Post by bullygirl979 on Jun 20, 2012 11:22:01 GMT -5
No I am not. But I also think it depends on the reason. Given XH cheated on me, I don't really have a burning desire to keep him in my life. If I see him out, I smile and exchange pleasantries. But I don't seek him out.
Post by udscoobychick on Jun 20, 2012 11:32:43 GMT -5
Yes. XFI lives about 4 hours from me, so we were able to have some distance to get over the breakup. He's a good guy, but we weren't right for each other. We chat on FB every so often. I wouldn't be opposed to meeting up with him to catch up if I ever happen to be headed in his direction.
I can't say we are friends but we are friendly. There was no cheating, abuse or any other big deal breakers but we did have a lot of problems.

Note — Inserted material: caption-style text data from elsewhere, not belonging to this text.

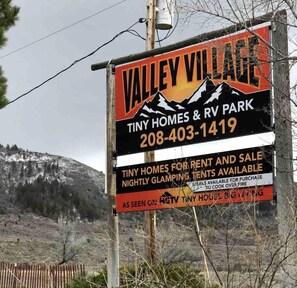Une enseigne pour Valley Village Tiny Homes & RV Park, avec les coordonnées et les services proposés, tels que des mini-maisons à louer ou à vendre, des tentes de luxe pour le « glamping », et des steaks à faire cuire au feu de camp.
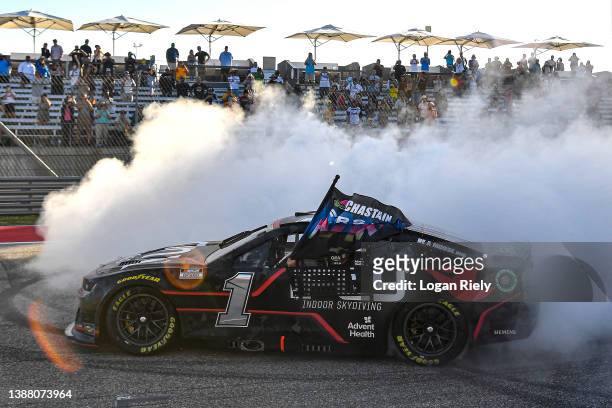 Ross Chastain, driver of the ONX Homes/iFly Chevrolet, celebrates with a burnout after winning the NASCAR Cup Series Echopark Automotive Grand Prix...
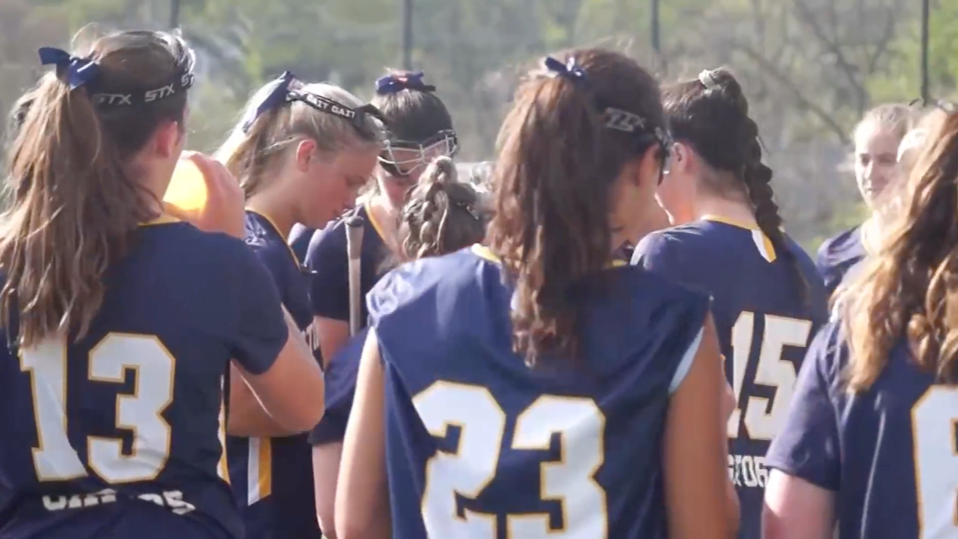A group of female athletes in blue jerseys with yellow accents and numbers, some with braided hair, gathered outdoors on a sunny day, possibly during a sports practice or game.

We can talk about a whole bunch of things and laugh. I am currently teaching him Spanish and we pretty much email everyday. We take DD to places together and talk about shows we both like like How I Met your Mother. We don't live in the same country, so when he comes to pick up DD he stays at my place and when I travel to the US to pick her up, I stay at his place because its more convenient.
However, we draw the line right there. I do not talk to him about my personal life. I don't know whether he is dating (well I kind of do), what he does on the weekends and the same goes for him.
It took us a while to get there, we broke up 4 years ago and I already stop seeing him as my ex and I see it more as DD's dad.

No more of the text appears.